Все посмотрели на Женю, взрослые испуганно, а маленькая Катя укоризненно.

– Воды отошли! – ахнула Таня.

– Ещё ведь две недели, – прошептал Егор и схватился за стену.


После минутного замешательства началась паника. Егор звонил в «скорую». Женя забирала со стола конфеты. Таня не давала, у детей от шоколада диатез. Женя плакала. Маленькая Катюша прыгала по дивану и смеялась. Самообладание сохранил только опытный доктор Владимир.

– Стоп! Все тихо. Катерина, быстро отправляйся в свою комнату. Таня, отдай Жене конфеты, у нее их без тебя в роддоме отберут. Егор, «скорая» не нужна. Роддом в квартале отсюда, мы сами её быстрее довезем. Обувай жену. Женька не реви, не ты первая, не ты последняя.

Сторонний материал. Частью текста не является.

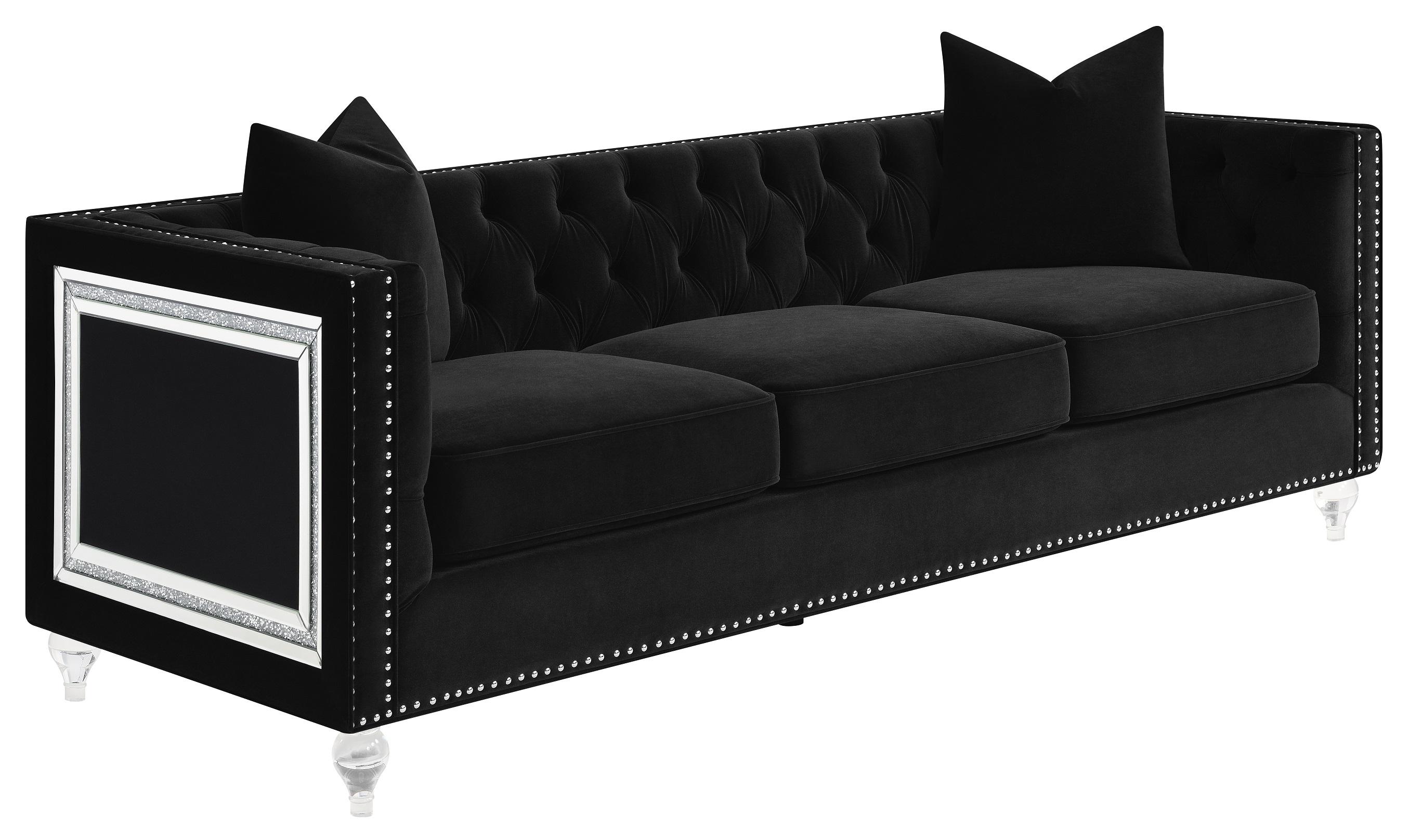 

    
Contemporary Black Velvet Sofa Coaster 509361 Delilah

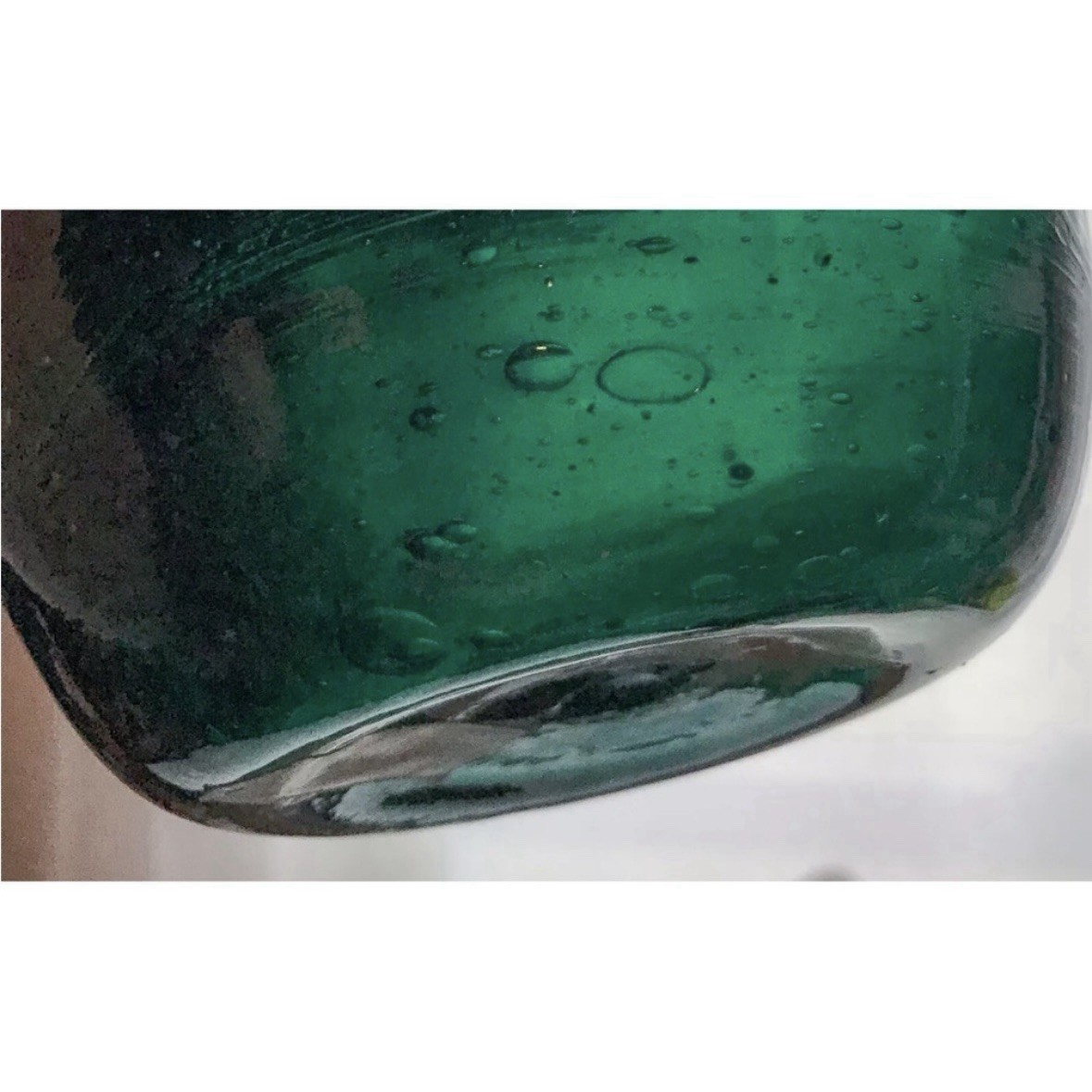 Emerald Green Hand Blown Glass Vase Beaker Shape Made In Egypt Eclectic Quirky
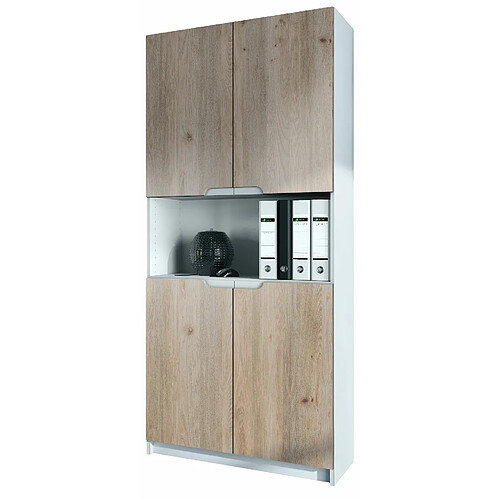 Mpc Armoire De Bureau Blanc Mat Et Aspect Chêne Nordique (lxhxp) : 82 X 184 X 37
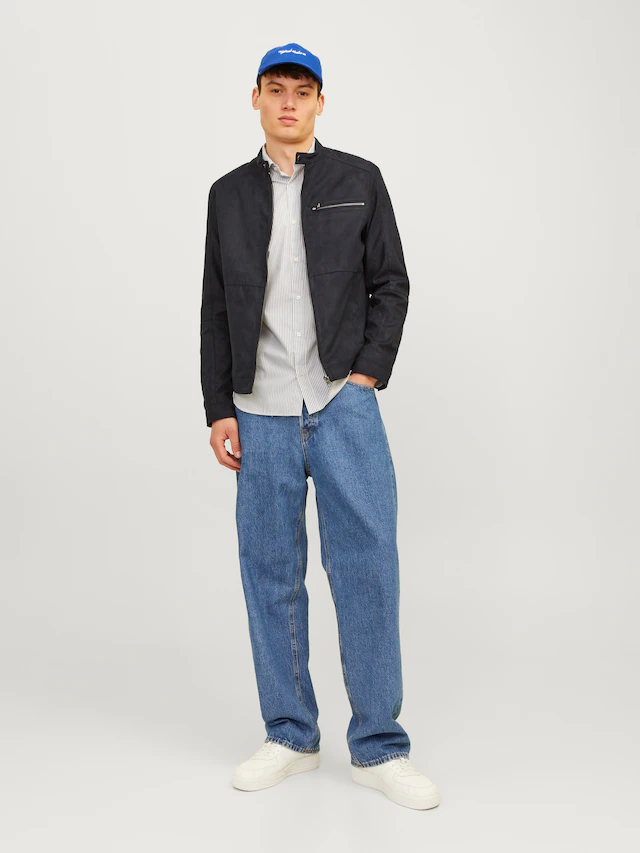 Jack & Jones Bikerjacke »JJEDYLAN mit wasserabweisender Funktion« ohne Kapuze unifarben, modisch, regular fit, Polyester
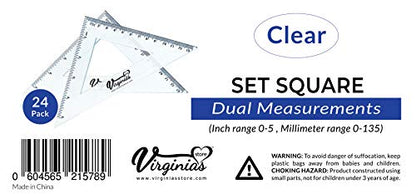 Virginia's Store 5 inch/13cm 90 Set-Squares Pack of 24, Crystal Clear Transparent, Shatter Resistant Plastic, Single-piece Plastic Molding, Drafting Tool Set, Ruler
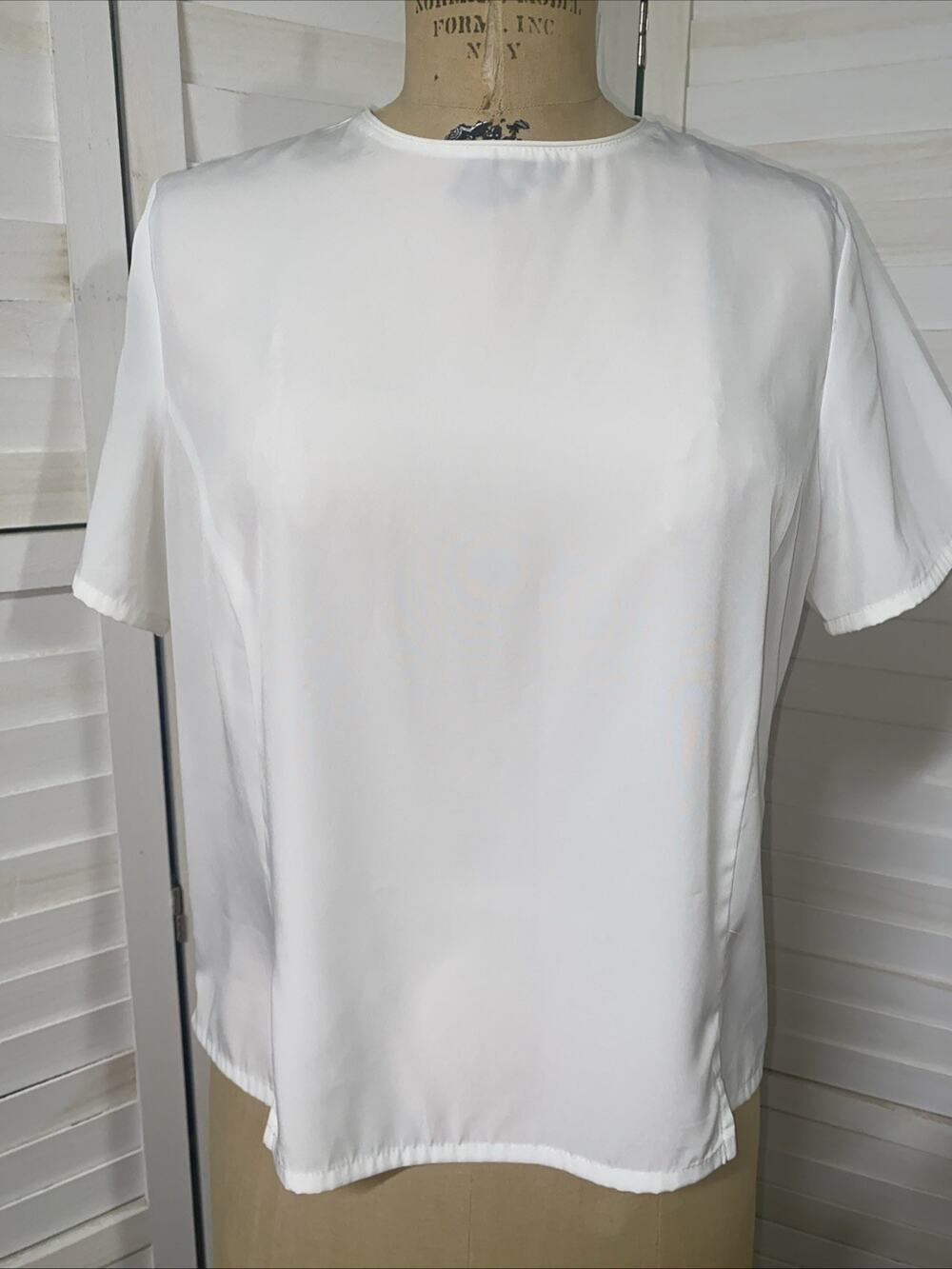 90s Y2K INVESTMENTS 10P Medium White Blouse Top Shirt Short Sleeve Simple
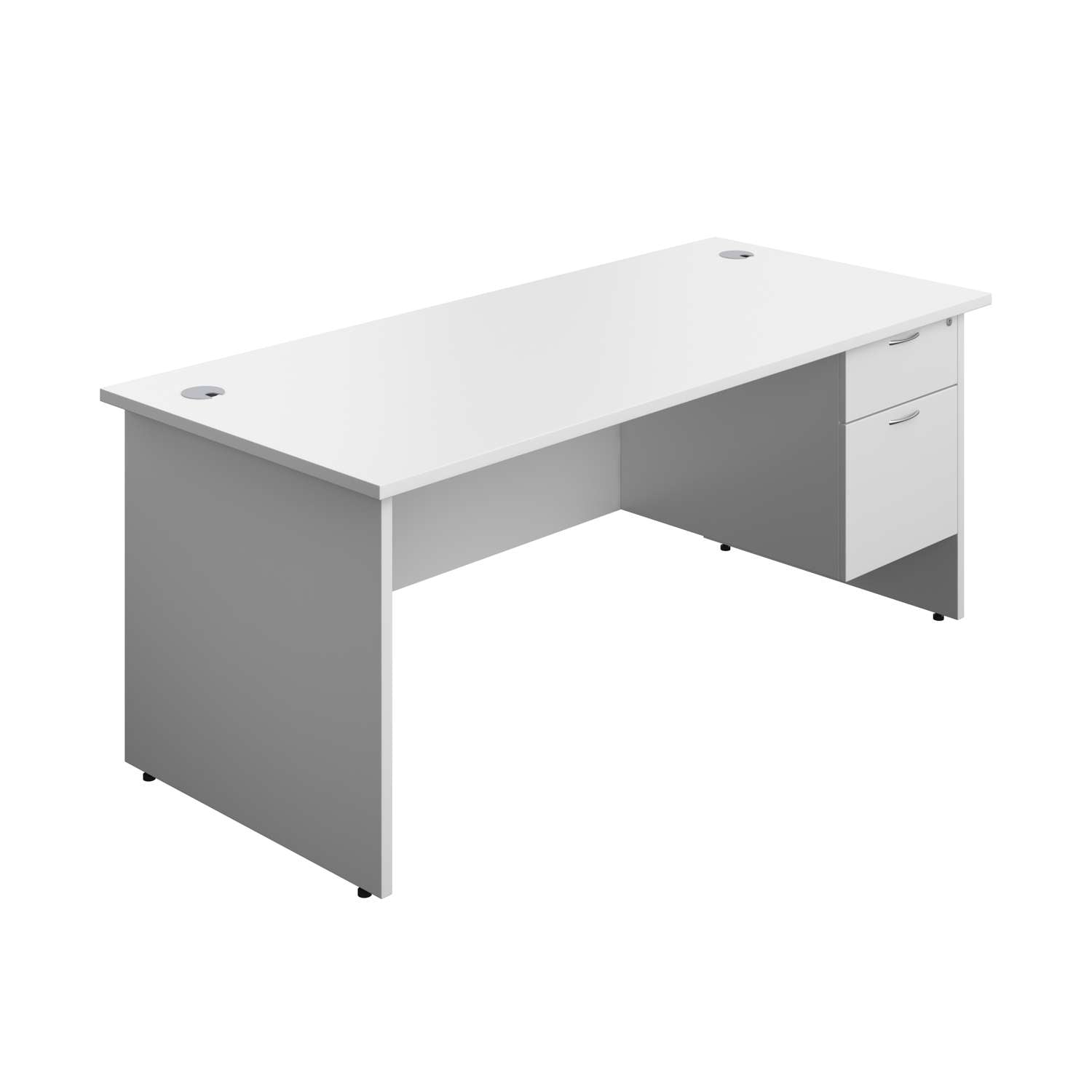 Panel Rectangular Desk + 2 Drawer Fixed Pedestal Bundle (FSC)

Теперь собрались быстро. Таню, собравшуюся тоже ехать, Владимир остановил:

– А дети с кем останутся? Родителям Жени позвони, но только спокойно, чтобы потом в кардиологию передачки не носить. И приберись тут, – смутился он, – пока дети кораблики пускать не начали.

Затем он обернулся к притихшим Егору и Жене и бодро сказал:

– Без паники, времени еще предостаточно. Поехали!


Спустя пять часов, Женя начала адекватно воспринимать окружающий мир. Никто не орал «тужься», не тыкал в нее иголками. Она лежала на больничной кровати и заново знакомилась со своим телом, непривычно маленьким, немного непослушным и болезненным.

Было около двенадцати часов ночи.

Час назад вся ее семья была здесь, через стеклянное окно палаты она хорошо видела их. Мама украдкой утирала слезы, папа делал пассы рукой собранной в кулак, что означало: «Молодец, так держать». А у Егора с лица не сходила глупая широкая счастливая улыбка, которую не могло согнать волнение за жену.

Женя захотела услышать его голос, потянулась за трубкой. Набрала Егора, но трубку взяла мама:

– Женечка, как ты, тебе что-то нужно? Тебе плохо?

– Нет, мама, у меня все прекрасно, я отдыхаю…

Трубку выхватил папа, нарочито выговаривая каждое слово, закричал, как будто Женя была во Владивостоке:

– Мы тут с Егором выпили немножко! У нас же праздник! Егор такой мужик, ты не представляешь, как тебе повезло. Такой мужик. Двойню сумел родить! Это тебе не фунт изюму! А он родил. Молодец. Двух пацанов, двух внуков мне сразу. Раз и готово.

– Представляю, папа. Действительно, классный мужик этот Егор, – тихонько рассмеялась Женя. – Вы там не сильно празднуйте, вы мне завтра здоровенькие понадобитесь.

– Назовём-то пацанов как? – не слышал её отец, – Я настаиваю, чтобы Константином, как Жукова.

– Пап, Жукова Георгием звали.

– Ничего, правнуки как раз Константиновичами будут.

– А второго как?

– Тоже Константином. Хотя зачем нам два Константина? – засомневался отец.

– Мы уже придумали, как назвать. У нас родились Алеша и Андрей, в честь дедушек.

Дочь, я… Дочь… это ж, – растроганно забормотал папа и отдал трубку Егору.

– Жень, я завтра утром сразу к тебе. И комната детская завтра уже полностью готова будет. Ты только не волнуйся. Тебе… очень больно?

– Мне очень… хорошо… Мне так хорошо, я так счастлива, что мне даже страшно, – дрожащим голосом прошептала Женя.

– У нас с тобой такая судьба, Женька, ничего не бойся, мы обречены на счастье…

Рядом в больничных кроватках крепко спали два ангела, два новорожденных мальчика. Сладко причмокивали во сне красные маленькие мордашки – два самых красивых мальчика на свете.